Menurut Katini Kartono kebutuhan-kebutuhan yang harus terpenuhi oleh manusia adalah:
1) Terpenuhinya
kebutuhan pokok, hal ini karena setiap manusia pasti memiliki
dorongan-dorongan akan kebutuhan pokok. Dorongan-dorongan akan kebutuhan
pokok tersebut menuntut pemenuhan, sehingga jiwa mwnjadi tenangdan akan
menurunkan ketegangan-ketegangan jiwa jika kebutuhan tersebut
terpenuhi.
2) Tercapainya
kepuasan , setiap orang pasti menginginkan kepuasan, baik yang berupa
jasmaniah maupun yang bersifat psikis, seperti kenyang, aman
terlindungi, ingin puas dalam hubungan seksnya, ingin mendapat simpati
dan diakui harkatnya. Pendeknya ingin puas di segala bidang.
3) Posisi
status sosial, setiap individu selalu berusaha mencari posisi sosial
dalam lingkungannya. Tiap manusia membutuhkan cinta kasih dan simpati.
Sebab cinta kasih dan simpati menumbuhkan rasa diri aman, berani
optimis, percaya diri.[14]
Menurut
Zakiah Daradjat ada enam kebutuhan jiwa di mana jika tidak terpenuhi
akan mengalami ketegangan jiwa. Kebutuhan jiwa tersebut adalah:
1) Rasa kasih sayang
2) Rasa aman
3) Rasa harga diri
4) Rasa bebas
5) Rasa sukses
6) Rasa ingin tahu.[15]
Adapun penjelasannya adalah sebagai berikut:
1) Rasa kasih sayang
Rasa
kasih sayang merupakan kebutuhan jiwa yang penting bagi manusia oleh
karenanya apabila rasa kasih sayang itu tidak didapatnya dari
orang-orang disekelilingnya maka akan berdampak pada keguncangan
jiwanya. Tetapi bagi orang yang percaya kepada Allah SWT yang Maha
Pengasih dan Penyayang maka kehilangan kasih sayang dari manusia tidak
menjadikan jiwa gersang.
2) Rasa Aman
Rasa
aman juga kebutuhan jiwa yang tidak kalah pentingnya. Orang yang
terancam, baik jiwanya, hartanya, kedudukannya ia akan gelisah yang
berujung pada stres. Apabila ia dekat dengan Allah SWT tentu rasa aman
akan selalu melindungi dirinya.
3) Rasa harga diri
Rasa
harga diri juga merupakan kebutuhan jiwa manusia, yang jika tidak
terpenuhi akan berakibat penderitan. Banyak orang merasa diremehkan,
dilecehkan dan tidak dihargai dalam masyarakat terutama dalam hal harta,
pangkat keturunan, dan lain sebagainya itu tentu perlu dipenuhi. Namun
sebenarnya hakekat itu terletak pada iman dan amal soleh seseorang
4) Rasa bebas
Rasa
ingin bebas termasuk kebutuhan jiwa yang pokok pula.
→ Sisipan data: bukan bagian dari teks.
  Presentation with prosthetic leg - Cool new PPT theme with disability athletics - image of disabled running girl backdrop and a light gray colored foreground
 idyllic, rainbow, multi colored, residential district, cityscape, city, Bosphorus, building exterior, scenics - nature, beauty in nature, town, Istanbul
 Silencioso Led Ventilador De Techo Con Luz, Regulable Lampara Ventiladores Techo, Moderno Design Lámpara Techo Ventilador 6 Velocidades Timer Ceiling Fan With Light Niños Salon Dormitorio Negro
Setiap orang ingin
mengungkapkan perasaannya dengan cara yang dirasa menyenangkan bagi
dirinya. Namun semua itu tentunya ada batas dan aturan yang harus
diikutinya agar orang lain tidak terganggu haknya. Kebebasan yang
sungguh-sungguh hany terdapat dalam hubungan kita dengan Allah SWT
5) Rasa sukses
Rasa
sukses yang merupakan salah satu kebutuhan jiwa. Kegagalan akan membawa
kekecewaan bahkan menghilangkan kepercayaan seseorang kepada dirinya.
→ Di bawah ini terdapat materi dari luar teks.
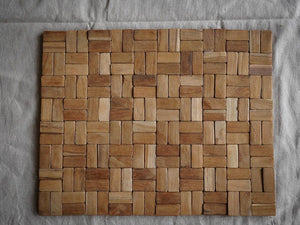 Square woven wood wall decor panel with natural finish, rustic Bali home accent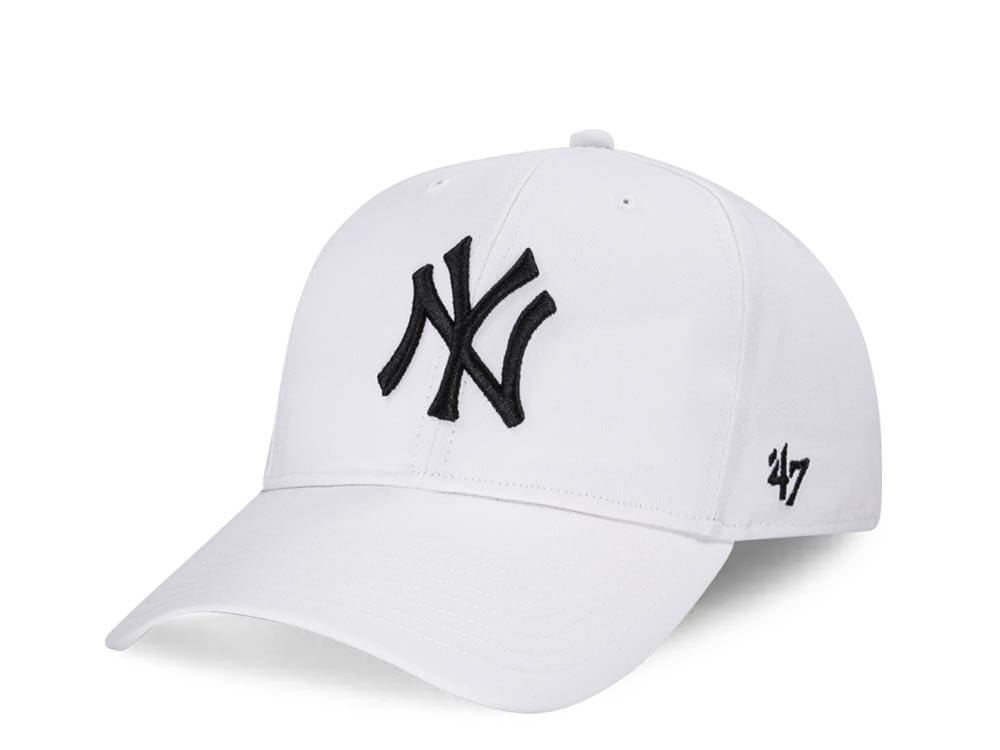 47Brand New York Yankees White Raised Basic MVP Snapback Gorra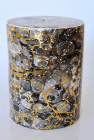 BLACK GREY AND GOLD GARDEN STOOL 43X33CM - NetDécor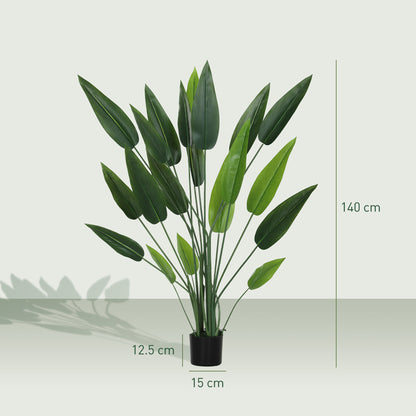 Artificial Green Bird of Paradise Plant with 20 Leaves of 140 cm, Decorative Fake Plant with Vase and Moss, Green Plant in PE, PEVA, and PP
Islam mengajarkan agar orang tidak putus asa. Tidak tercapainya suatu
keinginan belum tentu berarti tidak baik. Bahkan kegagalan itu akan
lebih baik kalau manusia mengetahui sebab serta dapat mengambil hikmah
dari kegagalan itu.
6) Rasa ingin tahu
Rasa
ingin tahu juga termasuk kebutuhan jiwa yang pokok yang jika terpenuhi
akan berdampak pada tingkah laku. Orang akan merasa sengsara apabila
tidak mendapatkan informasi atas ilmu yang dicarinya. Namun tidak semua
ilmu itu dapat diketahuinya karena keterbatasan yang ada pada dirinya.
[2] Mahmud Yunus, Kamus Bahasa Arab Indonesia, (Jakarta: Hadikarya Agung, 1989), hlm. 462.
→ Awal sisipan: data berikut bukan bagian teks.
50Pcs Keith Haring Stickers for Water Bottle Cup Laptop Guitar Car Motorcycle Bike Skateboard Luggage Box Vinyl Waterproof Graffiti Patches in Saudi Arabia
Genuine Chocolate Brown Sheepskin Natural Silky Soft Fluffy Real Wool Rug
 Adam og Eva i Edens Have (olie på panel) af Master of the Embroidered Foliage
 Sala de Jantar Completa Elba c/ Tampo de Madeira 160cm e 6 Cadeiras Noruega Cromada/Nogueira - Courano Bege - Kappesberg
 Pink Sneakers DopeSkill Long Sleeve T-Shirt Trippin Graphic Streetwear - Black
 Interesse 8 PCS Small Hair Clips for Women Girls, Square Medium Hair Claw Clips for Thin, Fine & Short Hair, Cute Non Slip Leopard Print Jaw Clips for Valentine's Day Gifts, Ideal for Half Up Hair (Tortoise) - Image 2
[3] Imam Ghazali, Keajaiban Hati, (terj.) Nur Hicmah, Dari Ajaib Al Qalb, (Jakarta: Tirta Mas,1984), hlm. 3.
[5] Wasty Soemanto, Pengantar Psikologi, (Jakarta: Bina Aksara, 1988), hlm. 15.
[6] Tim Penyusun Kamus Pusat Pembinaan Dan Pengembangan Bahasa, Kamus Besar Bahasa Indonesia, cet. iv, (Jakarta: Balai Pustaka, 1993), hlm. 927.
[8] Ibid., hlm. 13.
[9] Kartini Kartono dan Jenny Andari, Hygiene Mental dan Kesehatan Mental Dalam Islam, (Bandung: Mandar Maju, 1989), hlm 4.
[10] Muhammad Noor, dkk., op. cit., hlm. 475.
[11] Imam Al Ghazali, op. cit., hlm. 123.
[12] Zakiah Daradjat, Pendidikan Agama Dalam Pembinaan Mental.cet. IV, (Jakarta: Bulan Bintang, 1982), hlm. 52.
[13] Muhammad Noor, dkk., op. cit., hlm. 201.
[14] Kartini Kartono, op. cit., hlm. 29-30.